The Emperor kept me to breakfast with him in the tent. He afterwards sent for Madame de Staël’s Corinne, and read some chapters of it. He said that he could not get through it. Madame de Staël had drawn so complete a likeness of herself in her heroine, that she had succeeded in convincing him that it was herself. “I see her,” said he, “I hear her, I feel her, I wish to avoid her, and I throw away the book. I had a better impression of this work on my memory, than what I feel at present. Perhaps it is because, at the time, I read it with my thumb, as M. l’Abbé de Pradt ingeniously says, and not without some truth. I shall, however, persevere; I am determined to see the end of it; I still think that it was not destitute of some interest. Yet I cannot forgive Madame de Staël for having undervalued the French in her romance. The family of Madame de Staël is unquestionably a very singular one—her father, her mother and herself, all three on their knees, in constant adoration of each other, regaling one another with reciprocal incense, for the better edification and mystification of the public. Madame de Staël may, nevertheless, exult in surpassing her noble parents, when she presumed to write, that her sentiments for her father were such that she detected herself in being jealous of her mother.

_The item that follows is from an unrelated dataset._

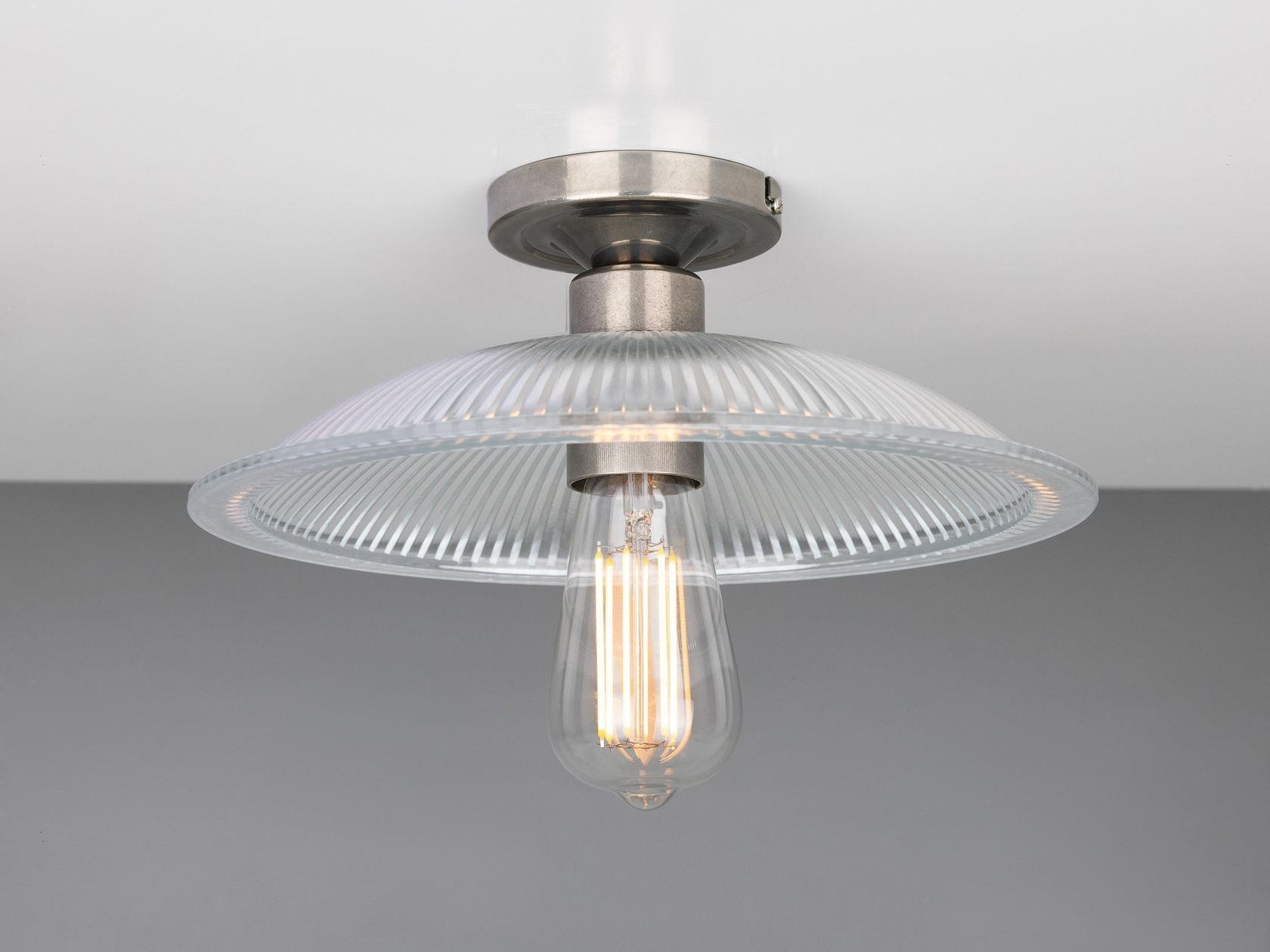 CALIX HOLOPHANE FLUSH CEILING FITTING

“Madame de Staël,” he continued, “was ardent in her passions, vehement and extravagant in her expressions. This is what was discovered by the police, while she was under its superintendence. ‘I am far from you;’ (she was probably writing to her husband,) ‘come instantly;—I command;—I insist upon it; I am on my knees; I beseech you, come.—My hand grasps a dagger. If you hesitate, I shall kill myself; and you alone will be guilty of my destruction’[destruction’]” This was Corinne.

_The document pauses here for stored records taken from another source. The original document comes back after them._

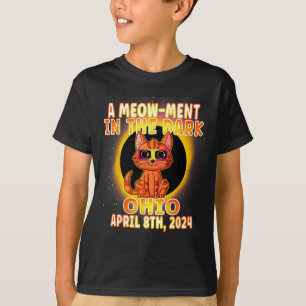Camiseta Mulheres Engraçadas Punho Eclipse Solar Total Gato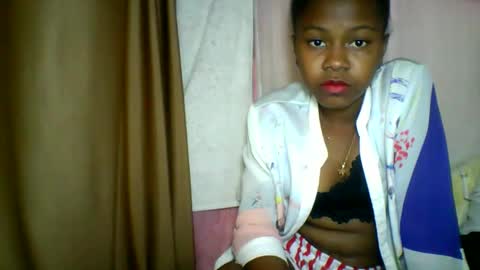 Snapshot of lara_belle chatting on 05/15/26, 10:50 lara_belle online show from 05/15/26, 10:50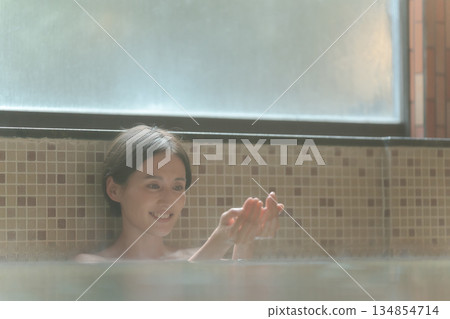 天溫泉 溫泉 女生 134854714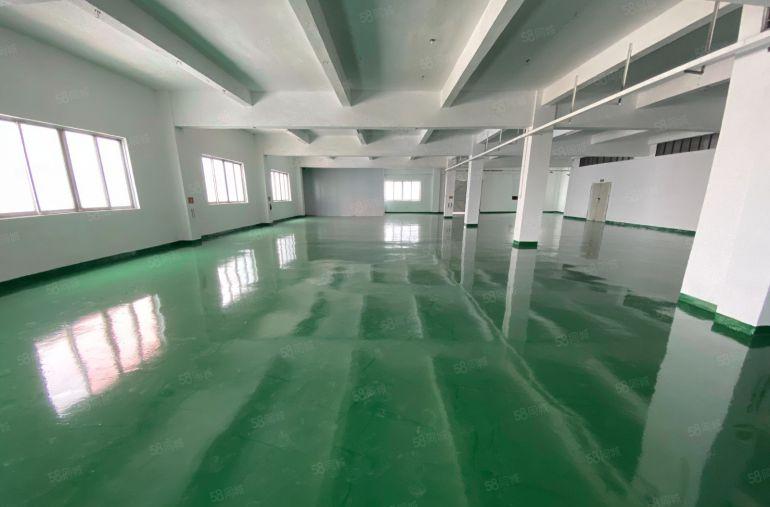 溪头新出楼上800平方带办公室全新地坪漆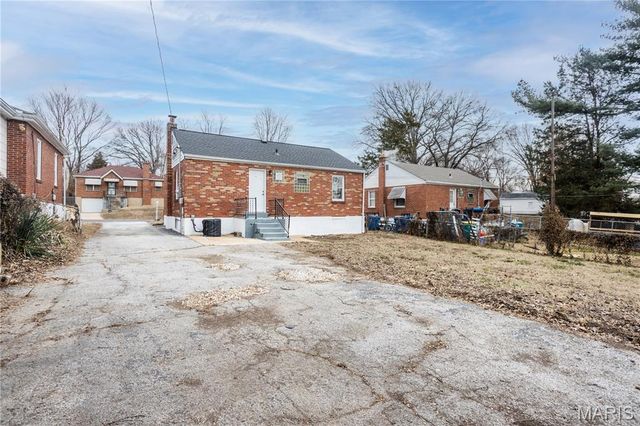 2604 Avie Drive, Jennings, MO 63136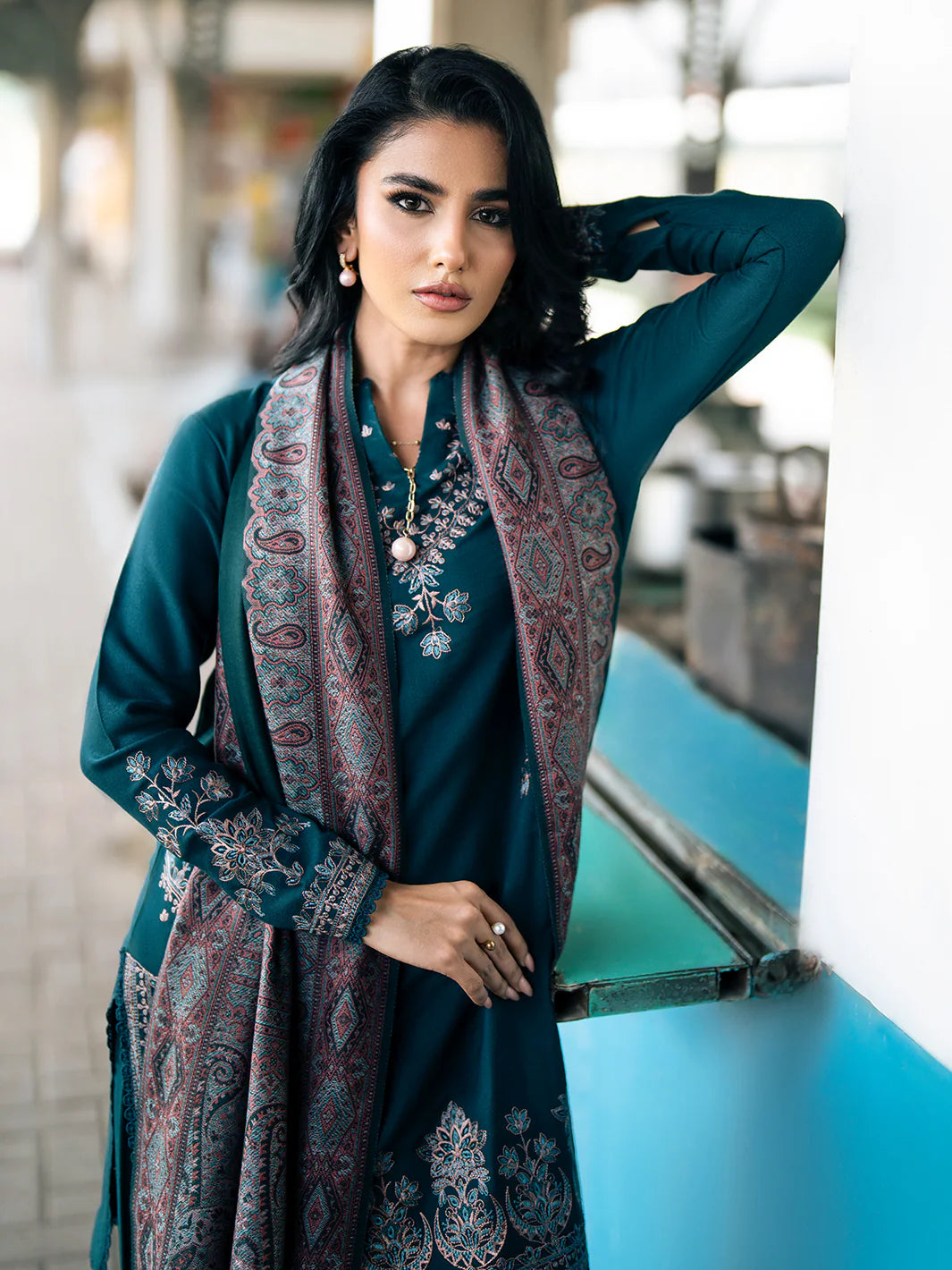 Izel 3Pc Embroidered Lawn Suit TABEER gulbuy.com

She had, said the Emperor, combined all her efforts and all her means to make an impression on the General of the army of Italy; without any knowledge of him, she wrote to him, when far off; she tormented him when present. If she was to be believed, the union of genius with a little insignificant Creole, incapable of appreciating or comprehending him, was a monstrosity. Unfortunately the General’s only answer was an indifference which women never forgive, and which, indeed, he remarked with a smile, is hardly to be forgiven.
On his arrival at Paris, he was followed with the same eagerness, but he maintained, on his part, the same reserve, the same silence. Madame de Staël resolved, however, to extract some words from him and to struggle with the conqueror of Italy, attacked him face to face, at the grand entertainment given by M. de Talleyrand, Minister for Foreign Affairs, to the victorious General. She challenged him in the middle of a numerous circle, to tell her who was the greatest woman in the world, whether dead or living. “She, who has had most children,” answered Napoleon, with great simplicity. Madame de Staël was, at first, a little disconcerted, and endeavoured to recover herself by observing that it was reported that he was not very fond of women. “Pardon me, Madam,” again replied Napoleon, “I am very fond of my wife.”

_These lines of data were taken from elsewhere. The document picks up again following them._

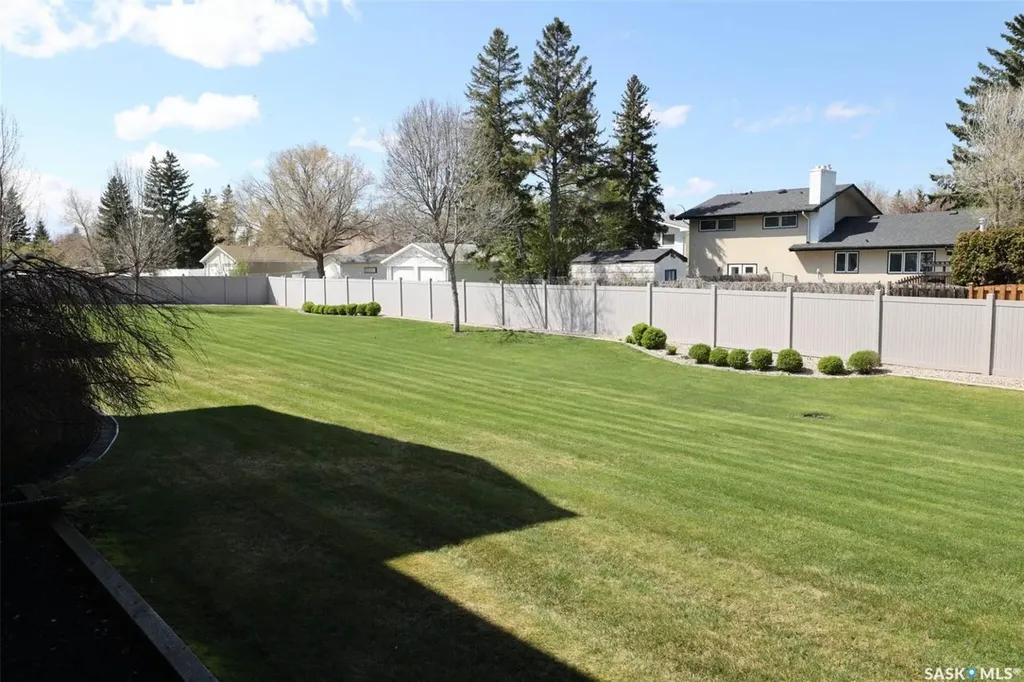 4721 Mctavish Street Regina SK S4S 6H2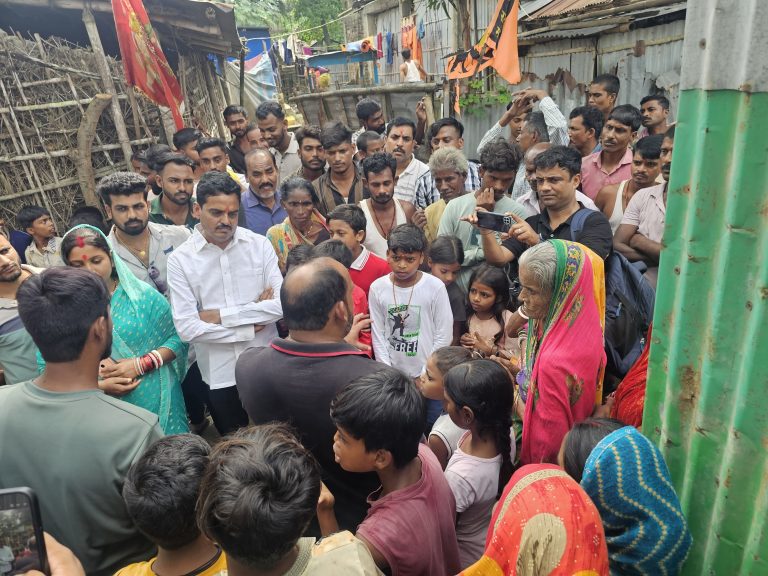 वार्ड-31 में खराब पड़े लाइटों की दो दिनों में होगी मरम्मति : महापौर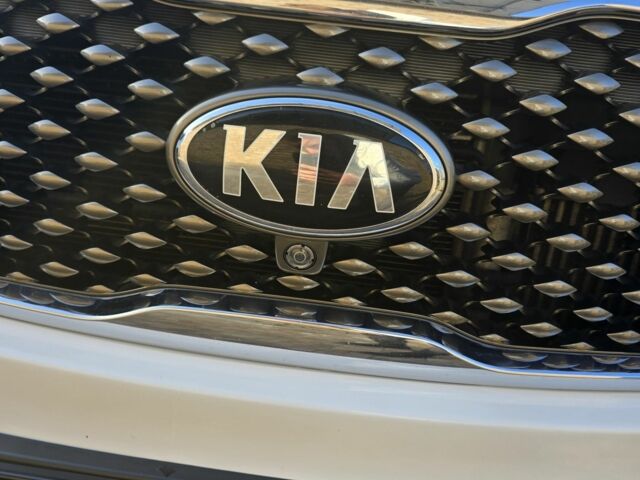 Белый Киа Соренто, объемом двигателя 0 л и пробегом 183 тыс. км за 23719 $, фото 14 на Automoto.ua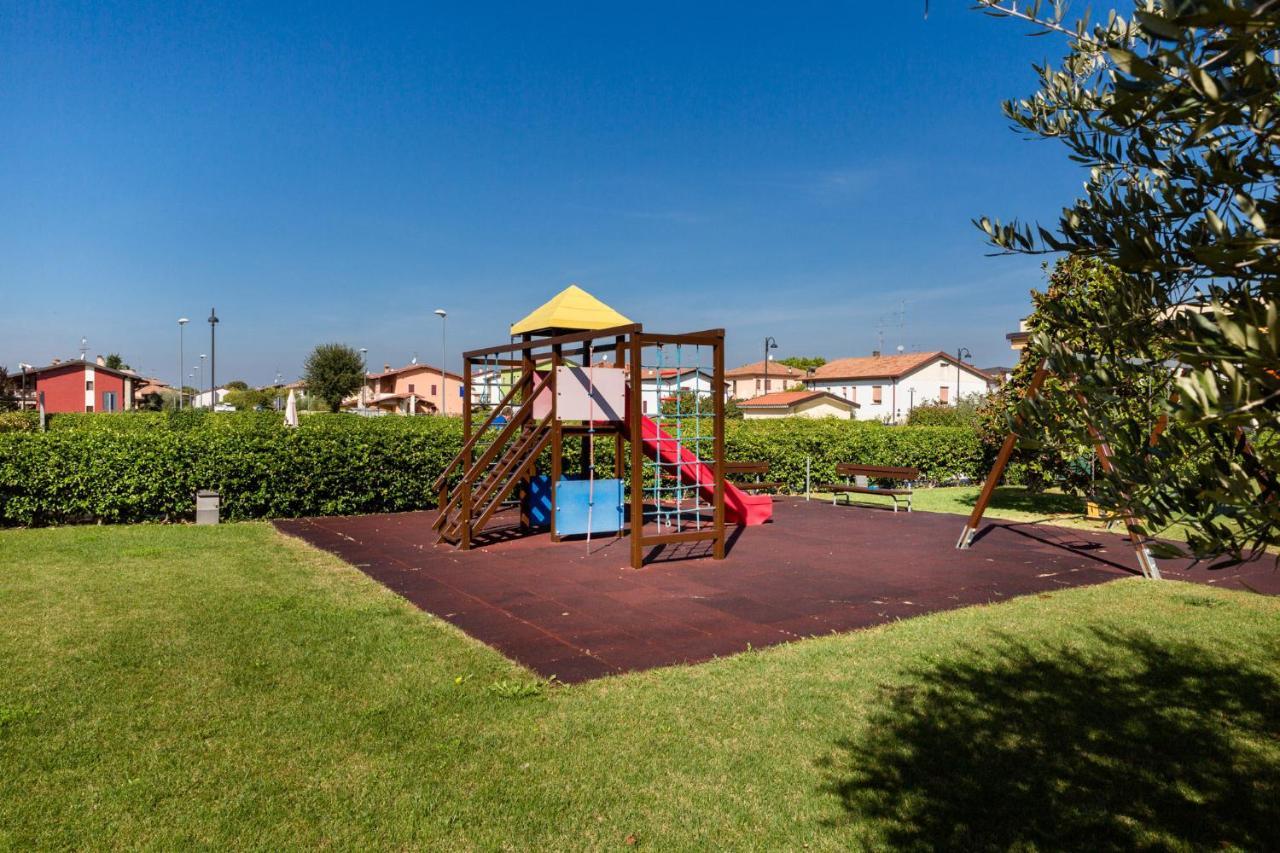 סירמיונה Appartamento Atlantis מראה חיצוני תמונה
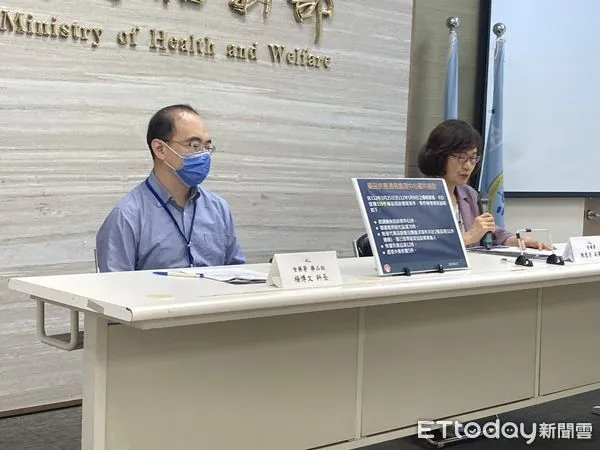 ▲▼食藥署說明國內缺藥狀況，右為食藥署副署長陳惠芳。（圖／記者洪巧藍攝）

The General of the army of Italy, said the Emperor, might, no doubt, have excited the enthusiasm of the Genevese Corinna to its highest pitch; but he dreaded her politic perfidy and her thirst of celebrity; he was, perhaps, in the wrong. The heroine had, however, been too eager in her pursuit and too often discouraged, not to become a violent enemy. “She instigated the person, who was then a under her influence, and he,” observed the Emperor, “did not enter upon the business in a very honourable manner. On the appointment of the Tribunate, he employed the most pressing solicitations with the First Consul to be nominated a member. At eleven o’clock at night, he was supplicating with all his might; but at twelve, when the favour was granted, he was already erect and almost in an insulting attitude. The first meeting of the Tribunes was a splendid occasion for his invectives against me. At night, Madame de Staël’s hotel was illuminated. She crowned her Benjamin amidst a brilliant assembly, and proclaimed him a second Mirabeau. This farce, which was ridiculous enough, was followed by more dangerous plans. At the time of the Concordat, against which Madame de Staël was quite furious, she united at once against me the aristocrats and the republicans. ‘You have,’ she exclaimed, ‘but[‘but] a single moment left; to-morrow the tyrant will have forty thousand priests at his disposal.’”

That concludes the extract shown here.